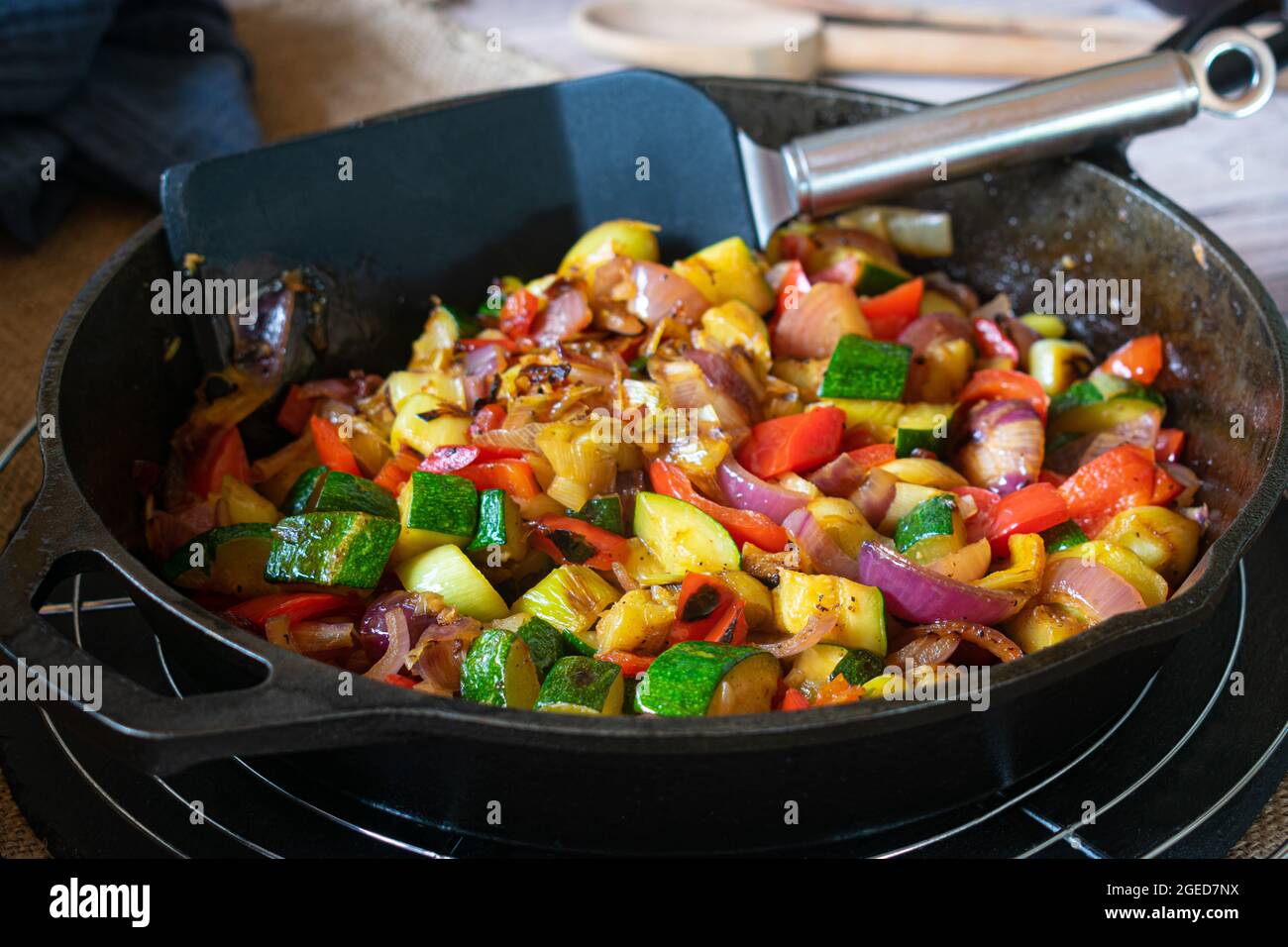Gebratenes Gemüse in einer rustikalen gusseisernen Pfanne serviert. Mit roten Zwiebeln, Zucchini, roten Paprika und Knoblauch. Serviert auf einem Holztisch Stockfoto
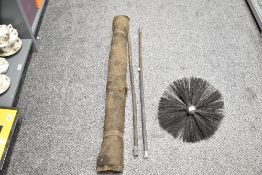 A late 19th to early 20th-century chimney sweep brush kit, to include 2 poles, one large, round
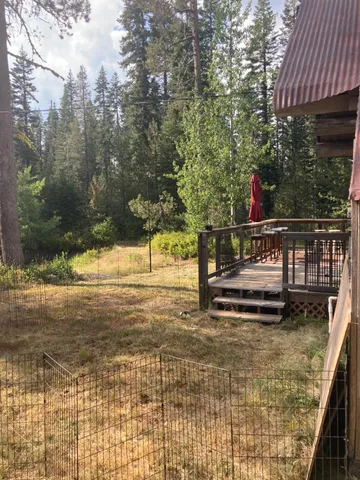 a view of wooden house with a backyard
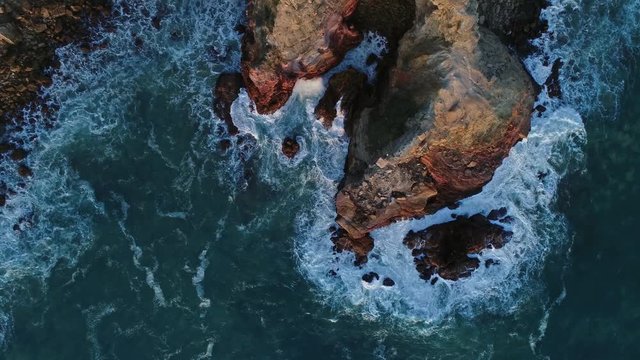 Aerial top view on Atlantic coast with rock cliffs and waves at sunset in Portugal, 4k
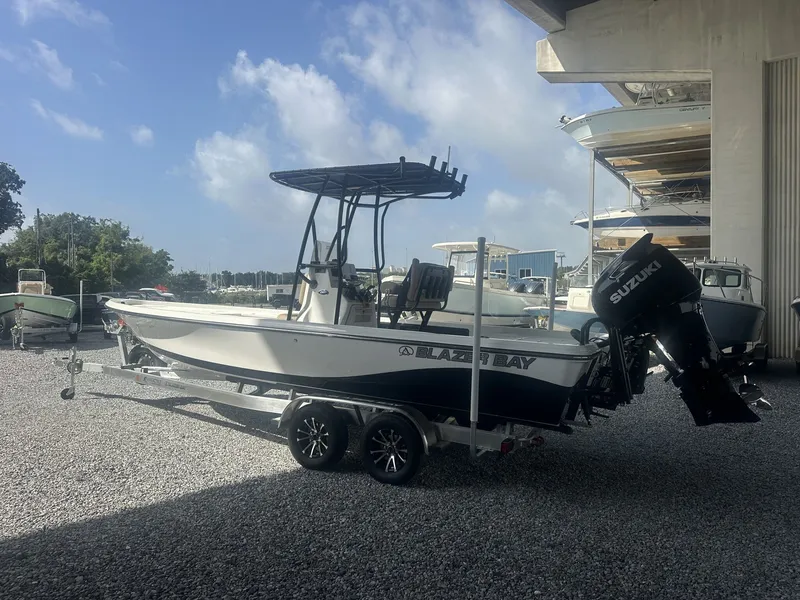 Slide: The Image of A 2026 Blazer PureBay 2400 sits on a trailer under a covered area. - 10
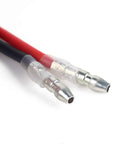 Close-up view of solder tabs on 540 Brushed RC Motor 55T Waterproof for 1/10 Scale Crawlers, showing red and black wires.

☆ ☆ ☆ ☆ ☆

Your job is to reproduce the material exactly. Keep pictures out of it.

Task response
Gebratenes Gemüse in einer rustikalen gusseisernen Pfanne serviert. Mit roten Zwiebeln, Zucchini, roten Paprika und Knoblauch. Serviert auf einem Holztisch Stockfoto
 A late 19th to early 20th-century chimney sweep brush kit, to include 2 poles, one large, round
 a view of wooden house with a backyard
 Aerial top view on Atlantic coast with rock cliffs and waves at sunset in Portugal, 4k
 Slide: The Image of A 2026 Blazer PureBay 2400 sits on a trailer under a covered area. - 10
 Close-up view of solder tabs on 540 Brushed RC Motor 55T Waterproof for 1/10 Scale Crawlers, showing red and black wires.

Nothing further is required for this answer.